__Problem details__
Look below for the line that contains "Great news! 🎉 We’re now open on Mondays✨" and the line that contains "Frigerio recorrió la", then restate both of them and every line in between, exactly. No picture goes in the copy.

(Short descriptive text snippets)
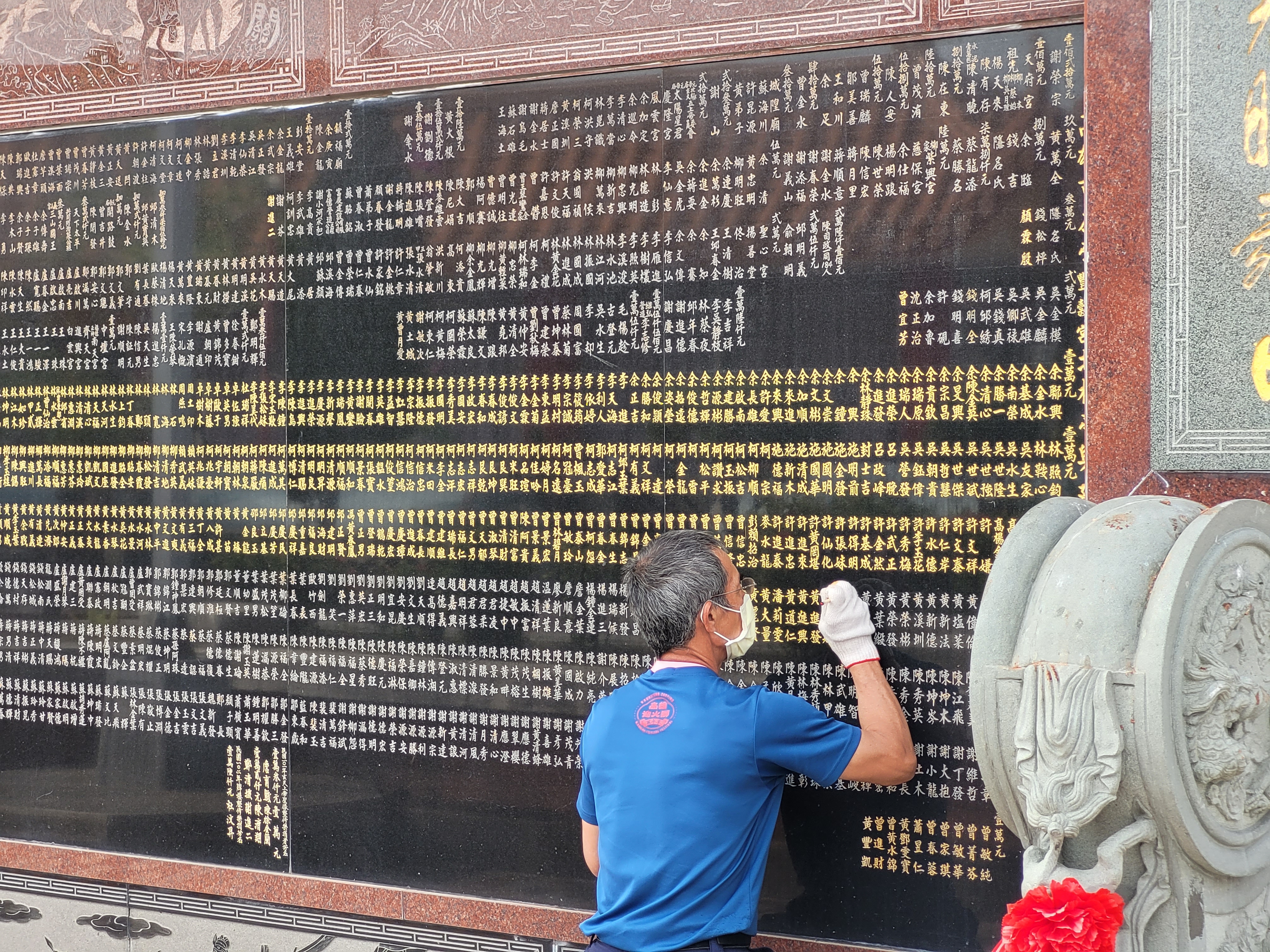 05/04/2025 - Temple Restoration -
					Near the Lotus Pond in Kaohsiung, here is a man restoring golden characters on a stone wall from the Zuoying Yuandi Temple.
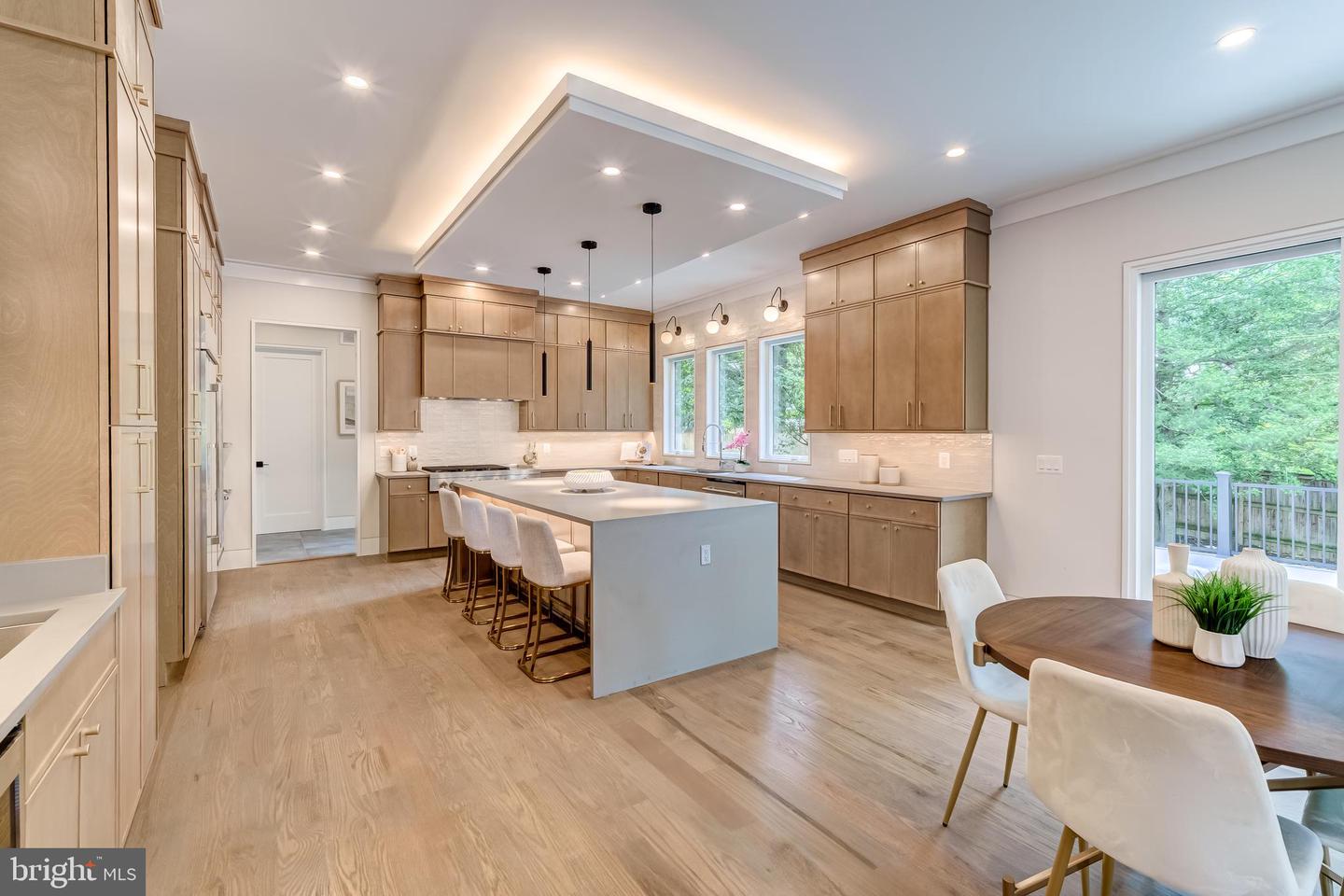 506 KINGSLEY RD SW, VIENNA, Virginia 22180, 6 Bedrooms Bedrooms, ,6 BathroomsBathrooms,Residential,For sale,506 KINGSLEY RD SW,VAFX2284298 MLS # VAFX2284298 506 KINGSLEY RD SW, VIENNA, Virginia 22180, 6 Bedrooms Bedrooms, ,6 BathroomsBathrooms,Residential,For sale,506 KINGSLEY RD SW,VAFX2284298 MLS # VAFX2284298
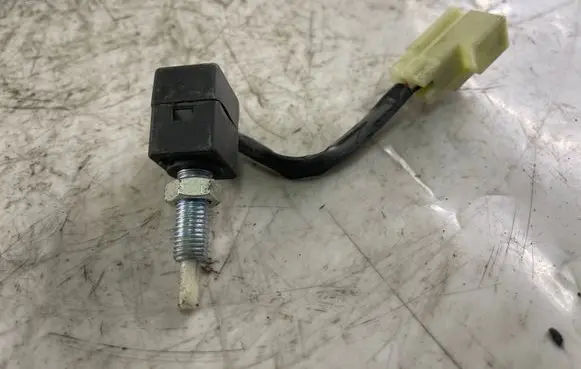 Hyundai Getz Brake pedal sensor switch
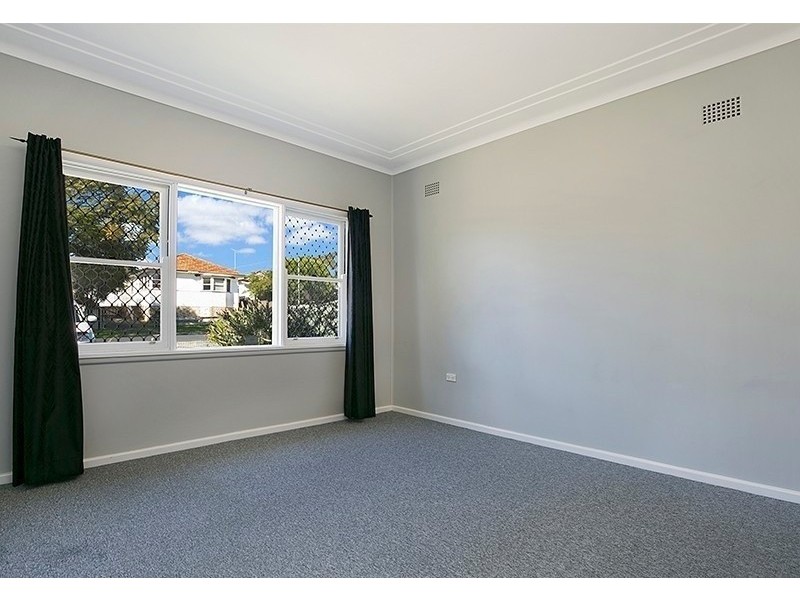 7 Moana Street, Woy Woy NSW 2256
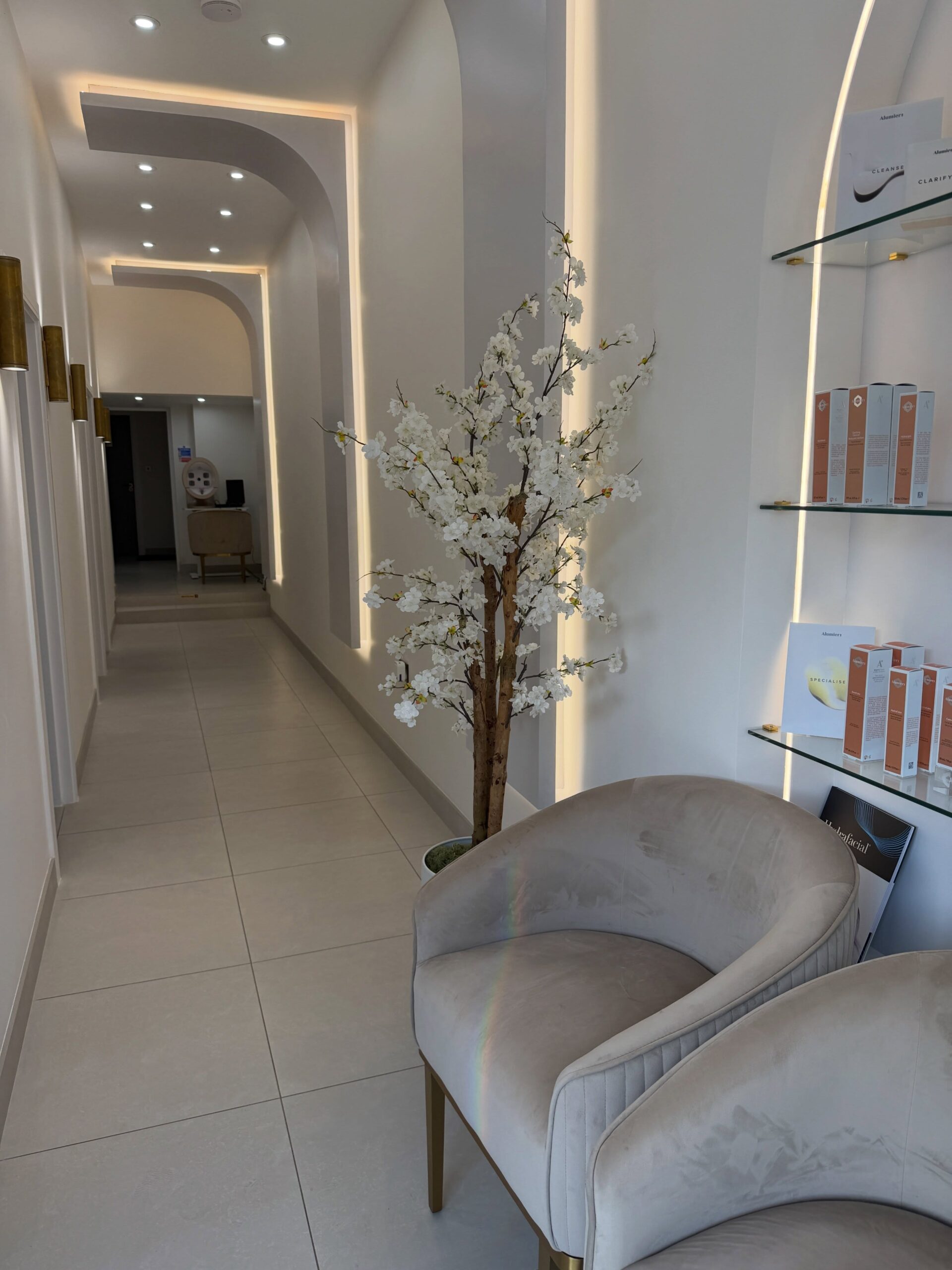 Great news! 🎉 We’re now open on Mondays✨
Appointments are available Monday to Saturday, 9:30 AM – 6:00 PM, giving you even more flexibility to book at a time that suits you.
📅 Book your appointment today – we look forward to seeing you!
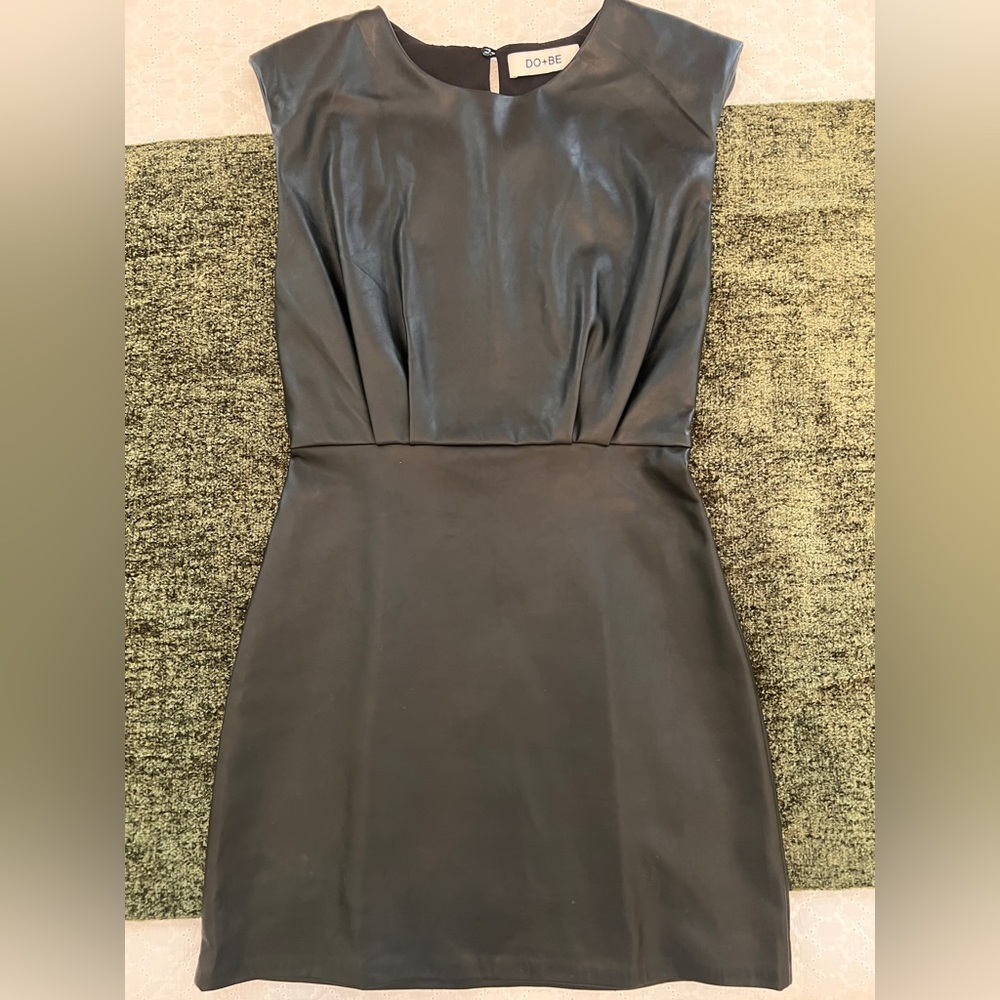 DO+BE Dark Gray Strapless Sheath Dress for Cocktail Nights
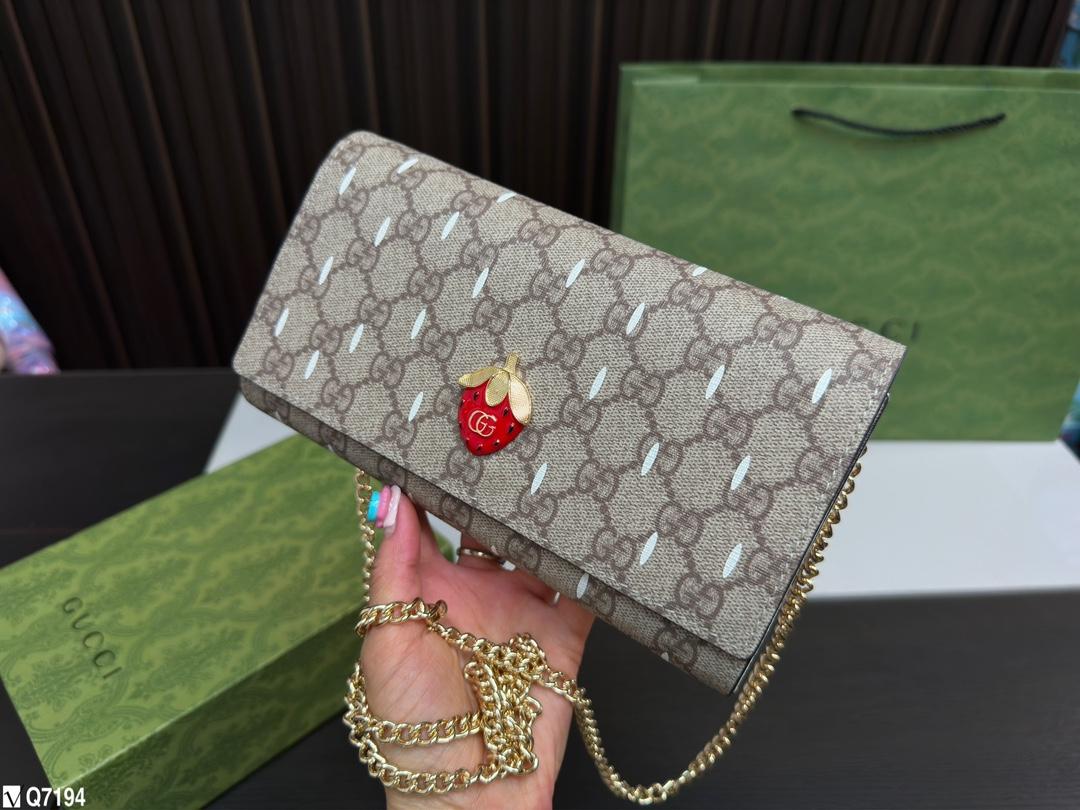 Replica Gucci Bag 11*21CM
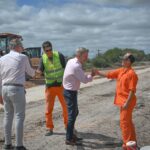 Frigerio recorrió la obra de reconstrucción del camino entre Viale y Arroyo El Durazno
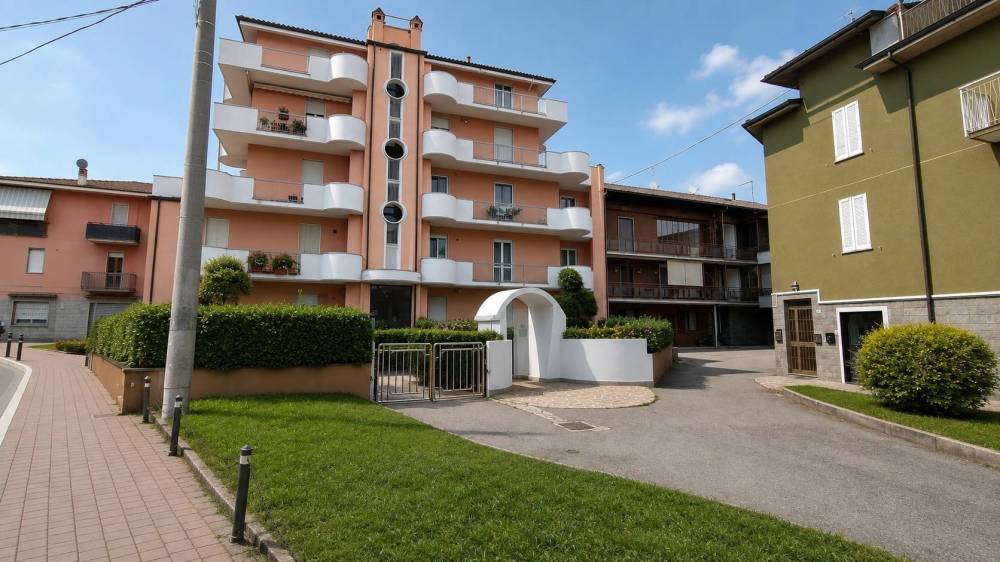 appartamento in vendita ad Almenno San Bartolomeo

__Response__
 Great news! 🎉 We’re now open on Mondays✨
Appointments are available Monday to Saturday, 9:30 AM – 6:00 PM, giving you even more flexibility to book at a time that suits you.
📅 Book your appointment today – we look forward to seeing you!
 DO+BE Dark Gray Strapless Sheath Dress for Cocktail Nights
 Replica Gucci Bag 11*21CM
 Frigerio recorrió la obra de reconstrucción del camino entre Viale y Arroyo El Durazno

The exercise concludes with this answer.